Moody's Downgrades Ten CRE CDO Classes of CTX CDO I, Ltd.

13 Nov 2009

Approximately $167.5 Million of Structured Securities Affected

New York, November 13, 2009 -- Moody's Investors Service (Moody's) downgraded the rating of all classes of Notes issued by CTX CDO I, Ltd. The downgrades are due to deterioration in the credit quality of the underlying portfolio of reference obligations and directly held collateral. Moody's also placed Class A and Class B on watch for possible further downgrade due to the uncertainties surrounding both the timing of an Event of Default (EOD), which is expected to be triggered by further haircuts to Par Value, and the potential remedies the Trustee may seek upon direction by a Majority of the Controlling Class.

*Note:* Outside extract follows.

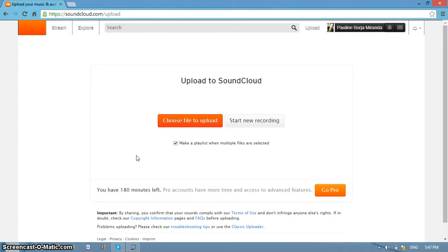I just demonstrated the important and basic steps of SoundCloud. To know more about it, better explore or navigate the application by yourself. So there you have it. Thank you for watching.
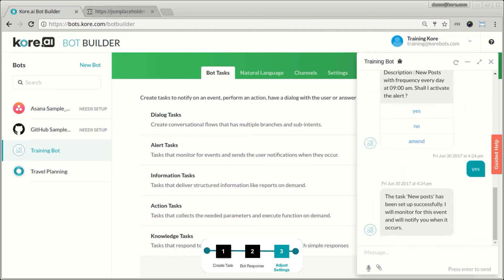So cool. So now every morning at 9 AM, this bot is going to wake up, check for new posts, and if it finds any new posts, it's going to notify me and let me know that there are new posts. And it will show me the title and the ID because that's what I set in the response. So this is how we set up an alert task.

On August 14, 2009 Moody's placed all rated classes of Notes on review for possible downgrade due to deterioration in the credit quality of the underlying portfolio and the potential for an EOD triggered by further haircuts to Par Value resulting from additional rating downgrades of the underlying collateral. The rating action is the result of Moody's on-going surveillance of commercial real estate collateralized debt obligation (CRE CDO) transactions.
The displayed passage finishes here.